- [Exercise brief]:
Using the records below, write out only the lines from the line containing "image for item" up to and including the line containing "3 soveværelse Lejlighed", exactly, with no pictures.

**** Given data ****

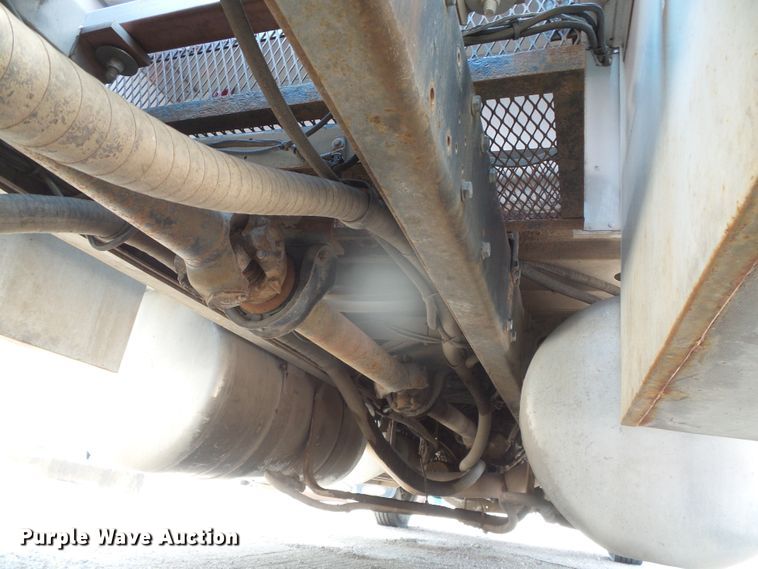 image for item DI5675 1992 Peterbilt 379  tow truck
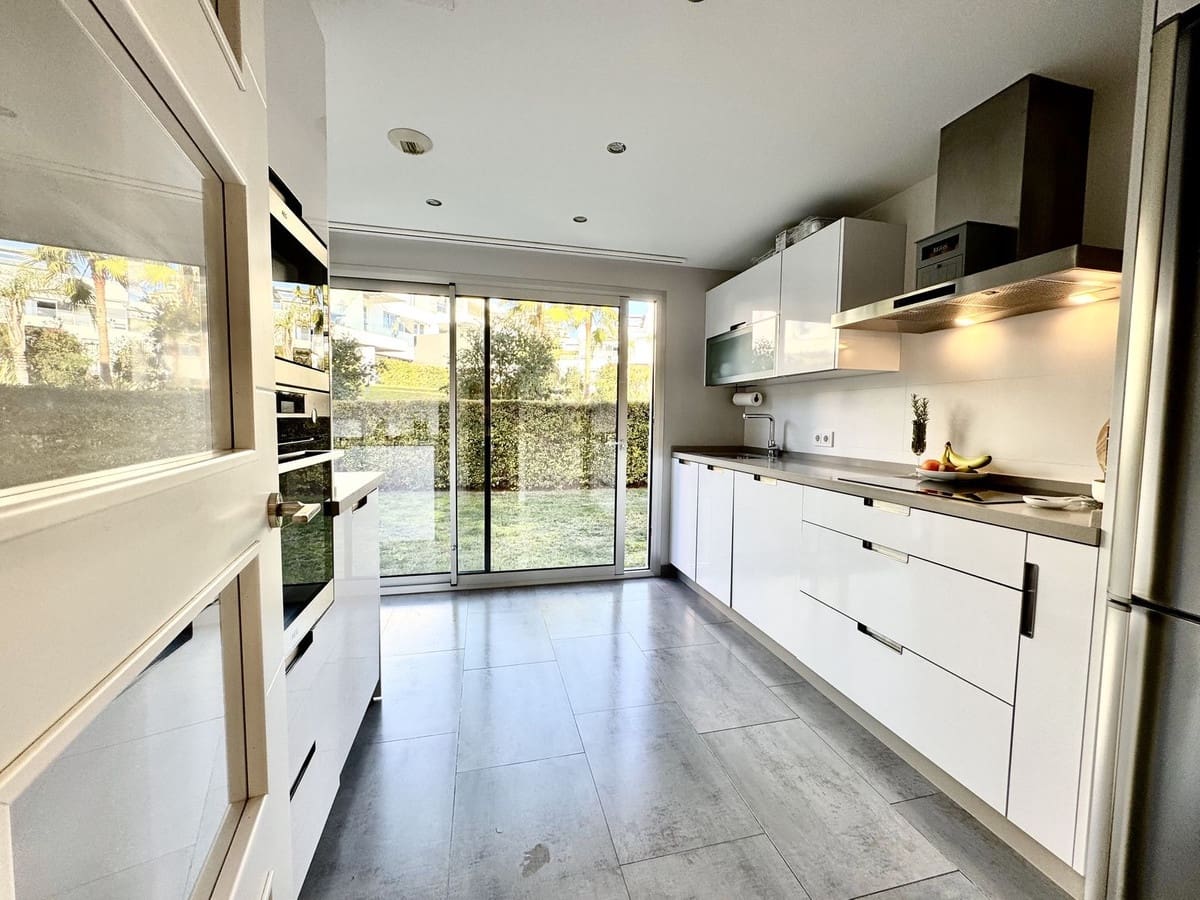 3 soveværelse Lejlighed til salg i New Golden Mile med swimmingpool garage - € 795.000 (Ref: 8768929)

****
**** Given data ****

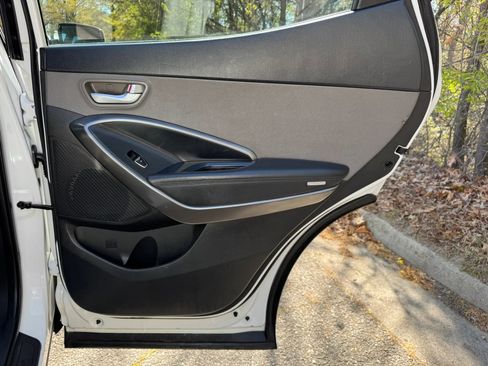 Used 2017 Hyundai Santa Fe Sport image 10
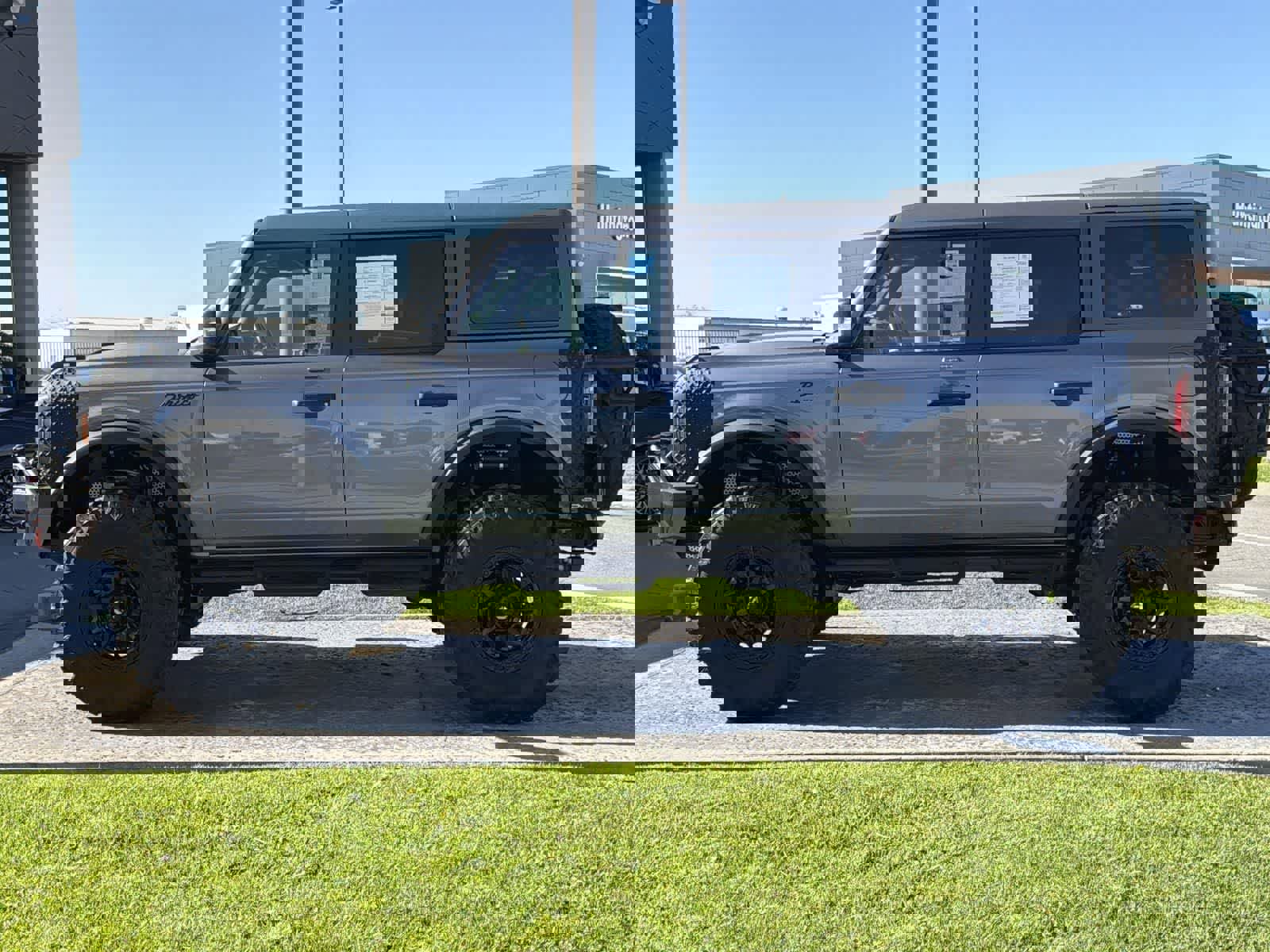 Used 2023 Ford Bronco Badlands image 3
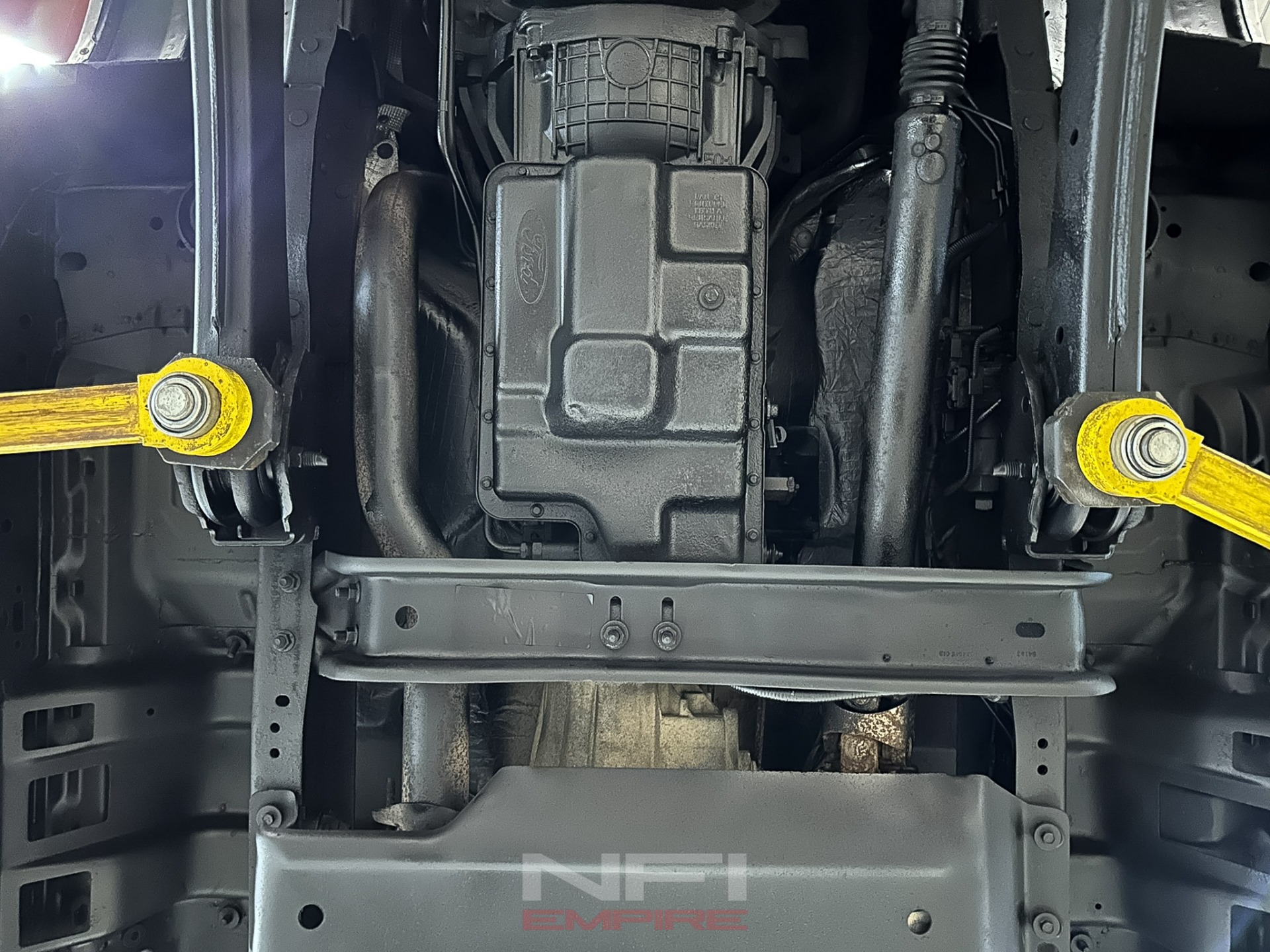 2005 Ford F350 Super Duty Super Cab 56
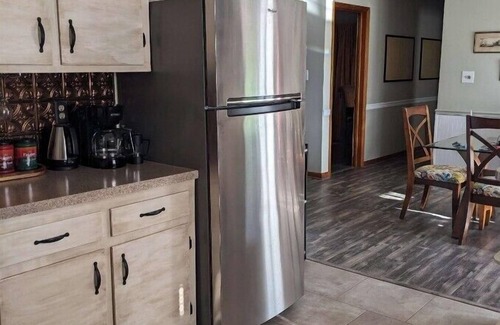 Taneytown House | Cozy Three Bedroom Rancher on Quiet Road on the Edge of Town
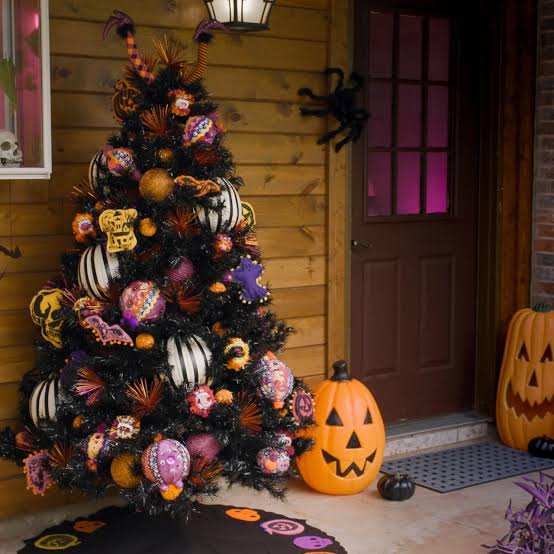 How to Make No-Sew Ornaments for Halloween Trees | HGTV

****
**** Given data ****

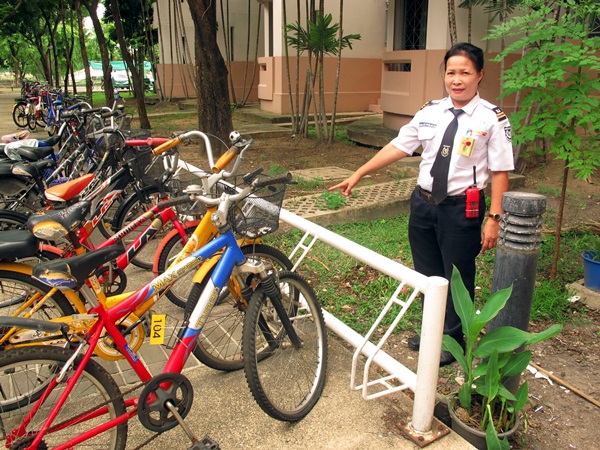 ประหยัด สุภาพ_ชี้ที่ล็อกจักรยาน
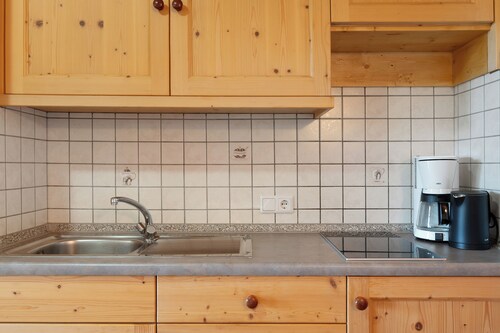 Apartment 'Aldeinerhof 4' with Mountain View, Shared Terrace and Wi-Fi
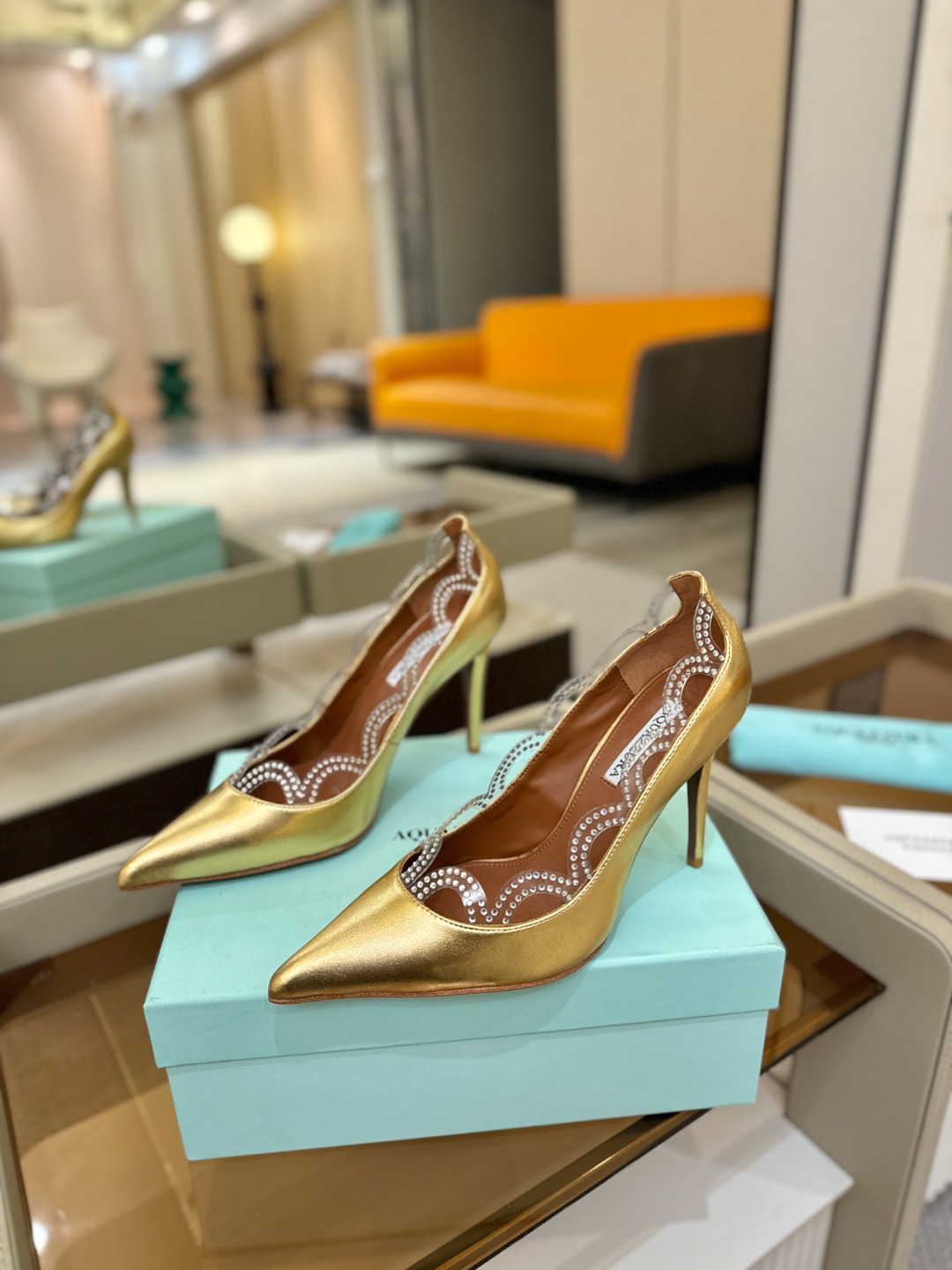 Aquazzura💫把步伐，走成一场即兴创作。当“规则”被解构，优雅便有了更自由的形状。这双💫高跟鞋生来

****

- [Exercise solution]:
 image for item DI5675 1992 Peterbilt 379  tow truck
 3 soveværelse Lejlighed til salg i New Golden Mile med swimmingpool garage - € 795.000 (Ref: 8768929)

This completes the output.